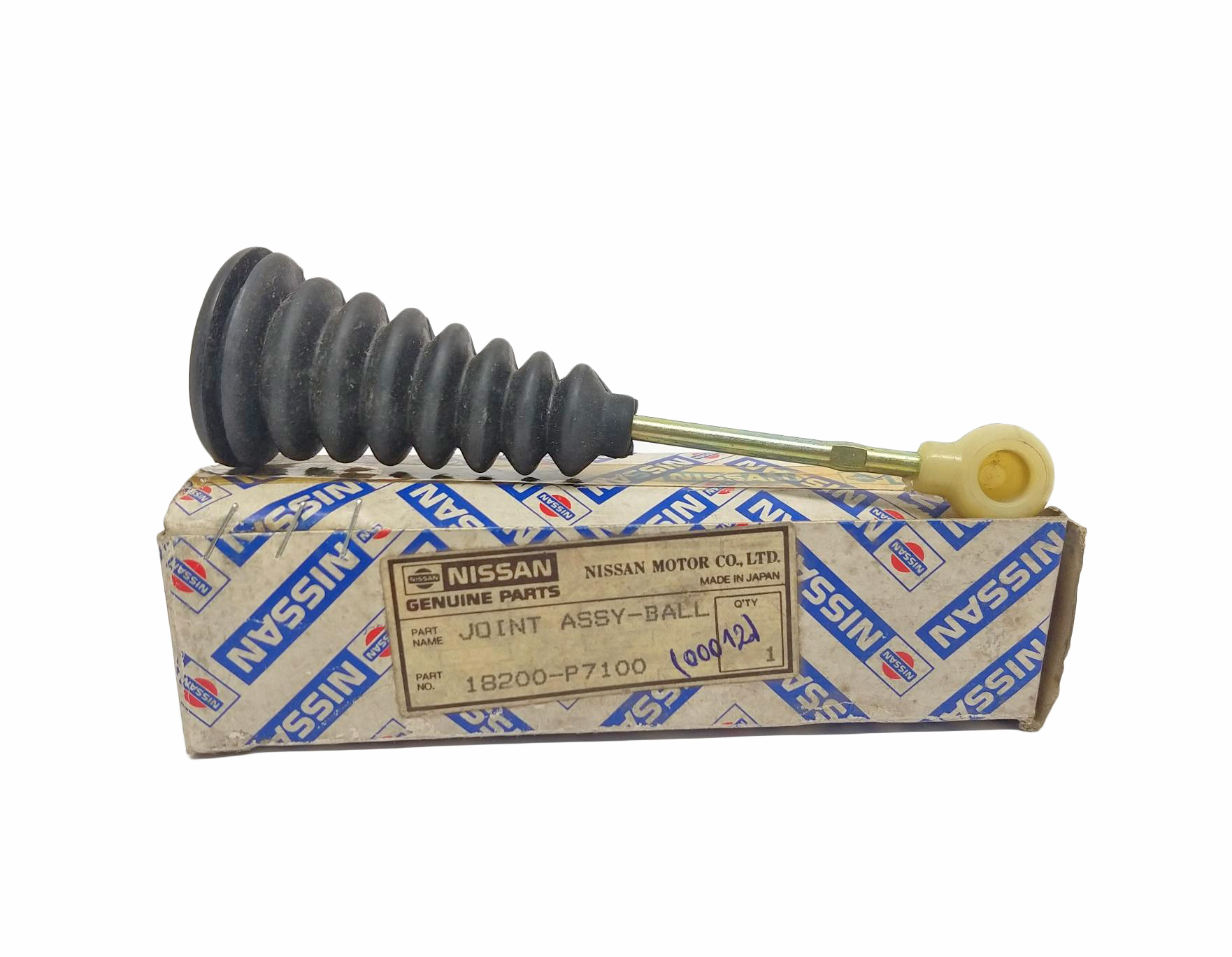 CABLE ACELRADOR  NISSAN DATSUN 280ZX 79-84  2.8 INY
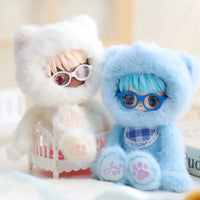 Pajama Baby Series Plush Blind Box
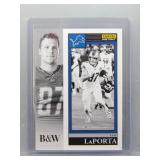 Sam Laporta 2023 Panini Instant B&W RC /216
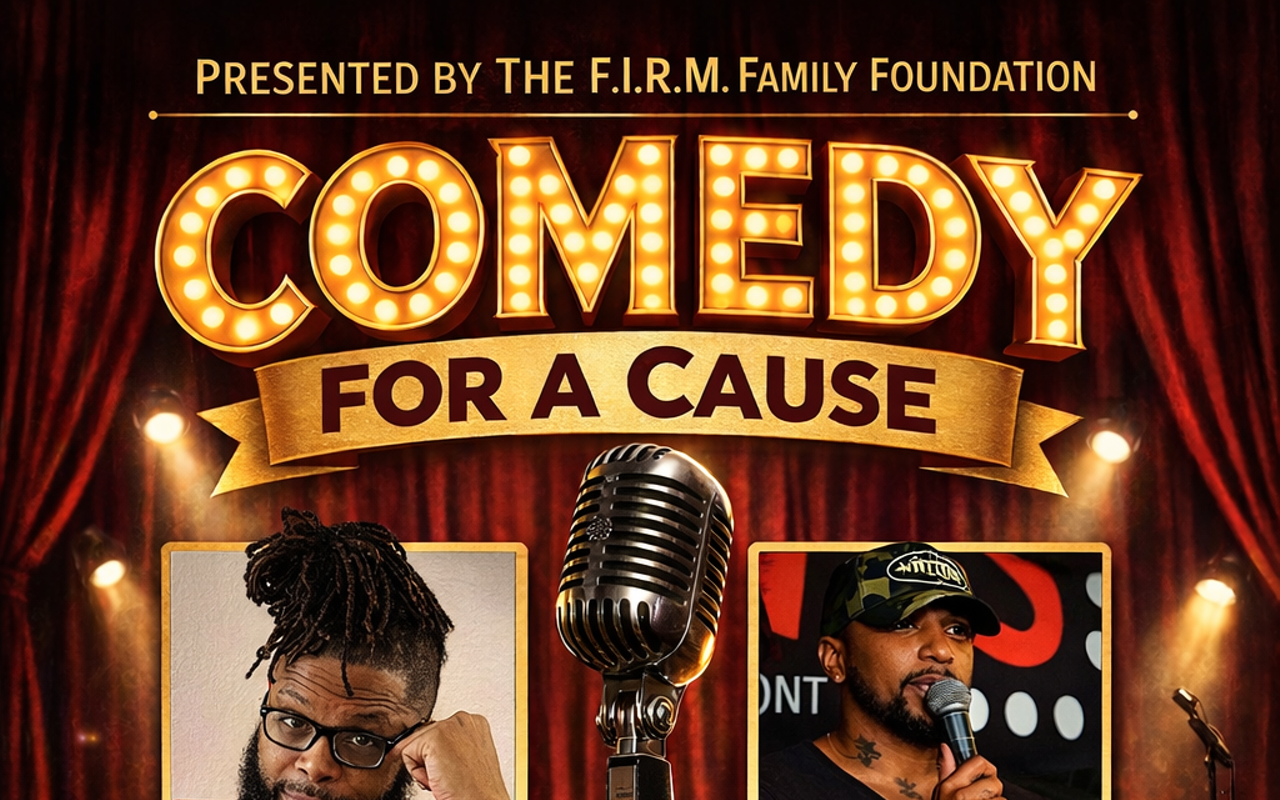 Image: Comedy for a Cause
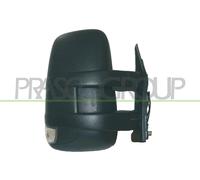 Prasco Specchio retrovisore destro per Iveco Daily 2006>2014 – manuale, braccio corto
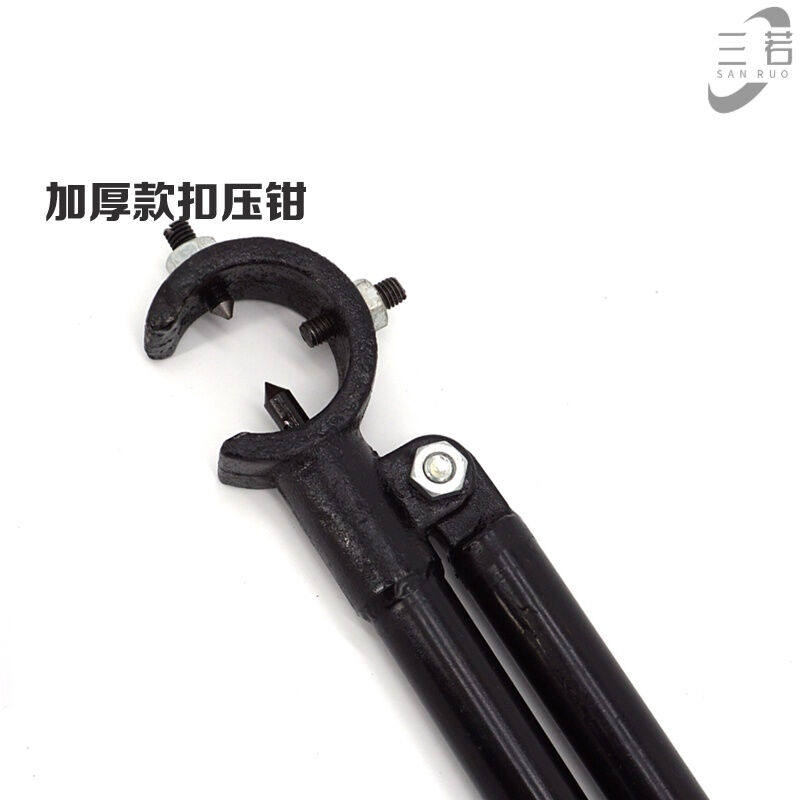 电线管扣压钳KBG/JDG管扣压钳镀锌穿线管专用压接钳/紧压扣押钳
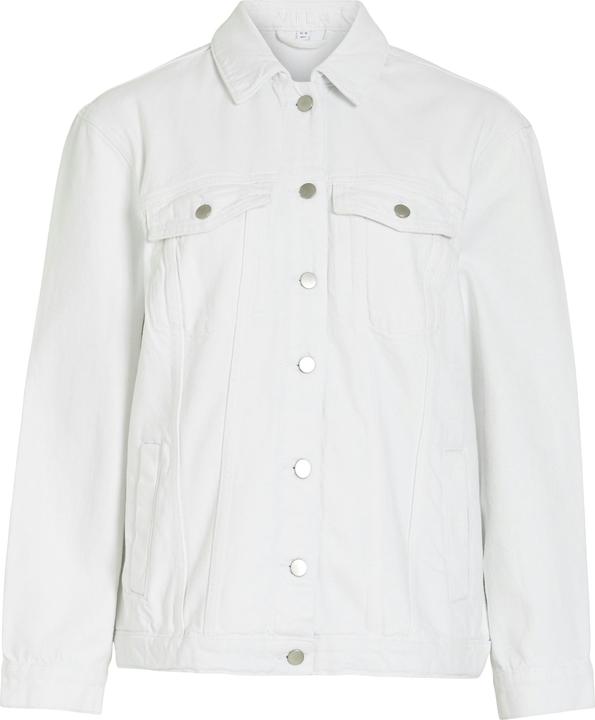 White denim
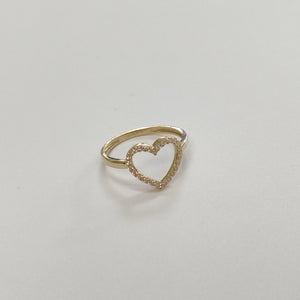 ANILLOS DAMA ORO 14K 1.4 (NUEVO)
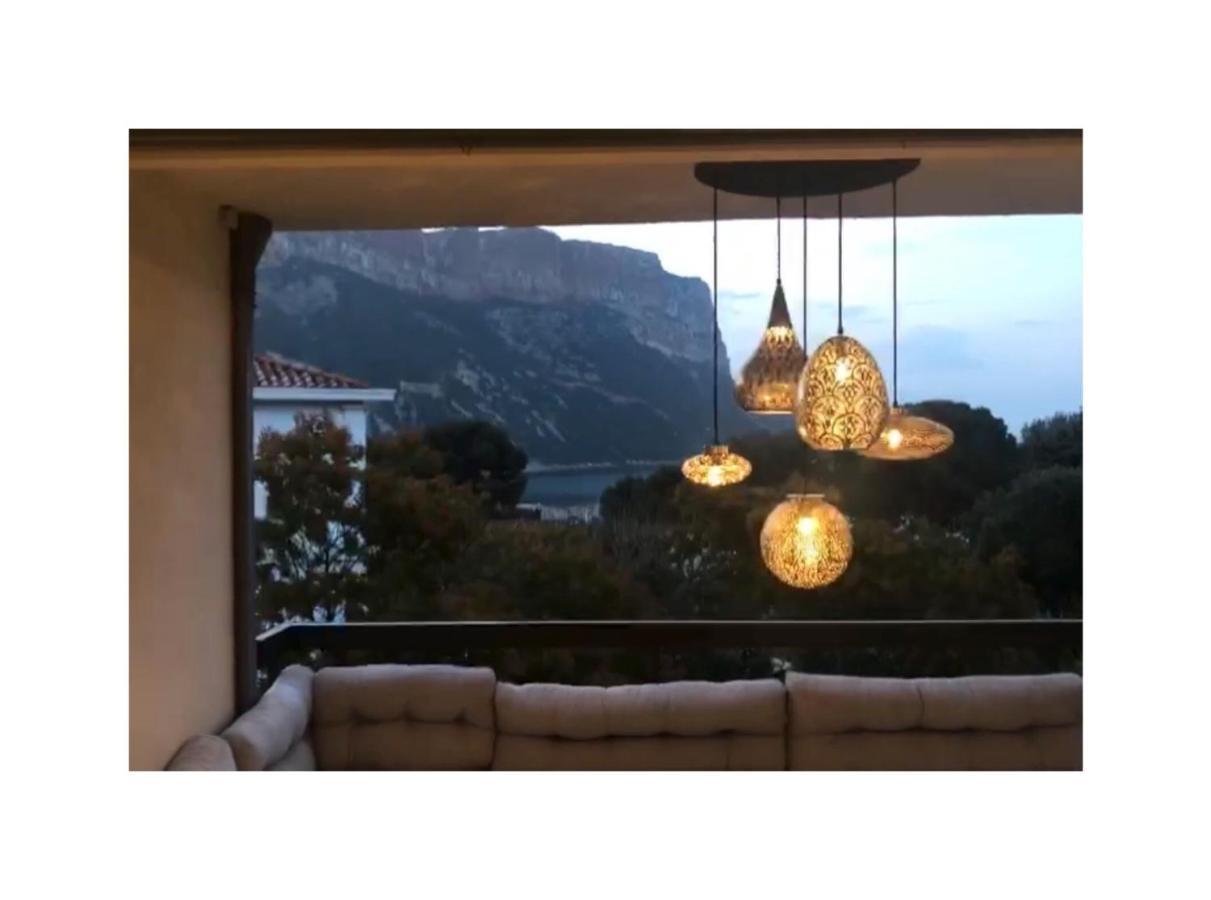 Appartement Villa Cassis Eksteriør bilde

▶ _YOUR ASSIGNMENT_: Write out everything in the data word for word. Omit each picture.

▶ _SOLUTION TO THE PROBLEM_:
 CABLE ACELRADOR  NISSAN DATSUN 280ZX 79-84  2.8 INY
 Pajama Baby Series Plush Blind Box
 Sam Laporta 2023 Panini Instant B&W RC /216
 Image: Comedy for a Cause
 Prasco Specchio retrovisore destro per Iveco Daily 2006>2014 – manuale, braccio corto
 电线管扣压钳KBG/JDG管扣压钳镀锌穿线管专用压接钳/紧压扣押钳
 White denim
 ANILLOS DAMA ORO 14K 1.4 (NUEVO)
 Appartement Villa Cassis Eksteriør bilde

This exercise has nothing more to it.